Children should know that preparing favorite foods can be as much fun as eating them. These gluten-free, dairy-free recipes are easy ways to show them how. 

Pizza Crust

MAKES 2 CRUSTS (8 slices per pie)

You can prebake this crust and freeze it (before toppings are added) so that you always have pizza crust on hand. The thicker you shape the crust, the longer it should prebake.

3 cups Rebecca’s Gluten-Free Flour Blend

1½ teaspoons xanthan gum

¾ teaspoon salt

2 tablespoons rapid yeast

1-1½ cups warm water, divided

2 eggs, lightly beaten

3 tablespoons extra-virgin olive oil

1 teaspoon cider vinegar

1. Preheat oven to 400. Lightly oil two large pizza pans or cookie sheets and sprinkle with cornmeal.

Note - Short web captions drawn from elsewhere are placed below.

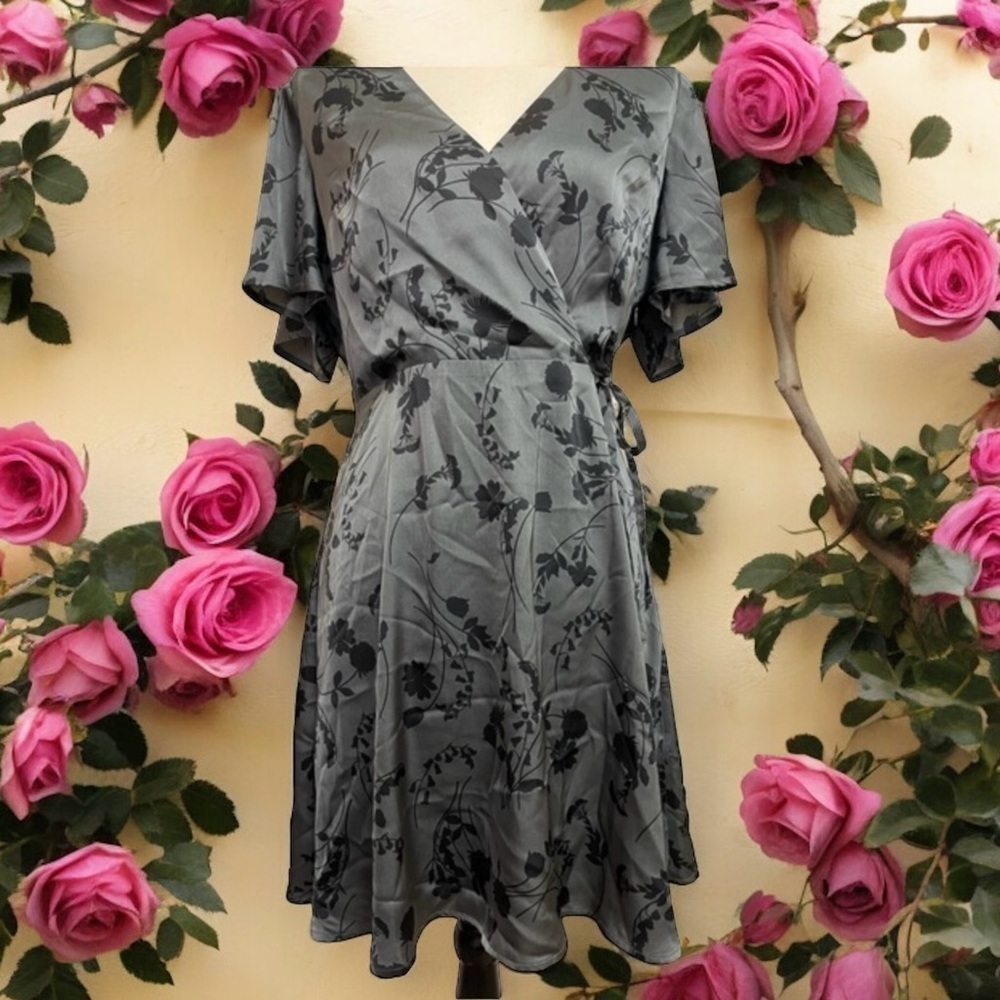 41 Hawthorne Satin Faux Wrap Dress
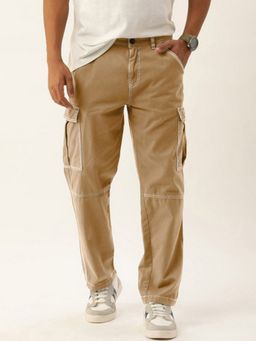 Bene Kleed - Men Khaki Relaxed Fit Contrast Stitch Cargo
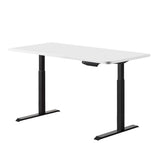 darrahopens Furniture > Office Artiss Standing Desk Adjustable Height Desk Dual Motor Electric Black Frame White Desk Top 140cm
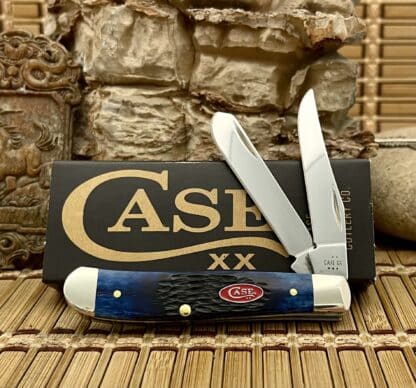 Case XX USA Rogers Jig Navy Blue Bone 7321 Stainless Mini Trapper Knife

2. Combine dry ingredients in mixing bowl.

3. Add 1 cup water, eggs, oil and vinegar.

4. Beat ingredients with beater or paddle attachment (not the whisk) on medium-high speed for 5 minutes, adding more water until mixture is smooth but not soupy.

5. Spoon dough on to prepared pans. With oiled hands, press crust to desired shape and thickness.

6. Place in preheated oven and prebake for 10 minutes.

7. Remove from oven and lightly spread with tomato sauce of your choice and your favorite toppings.

8. Return to preheated oven and bake until cheese is melted and bottom crust is golden.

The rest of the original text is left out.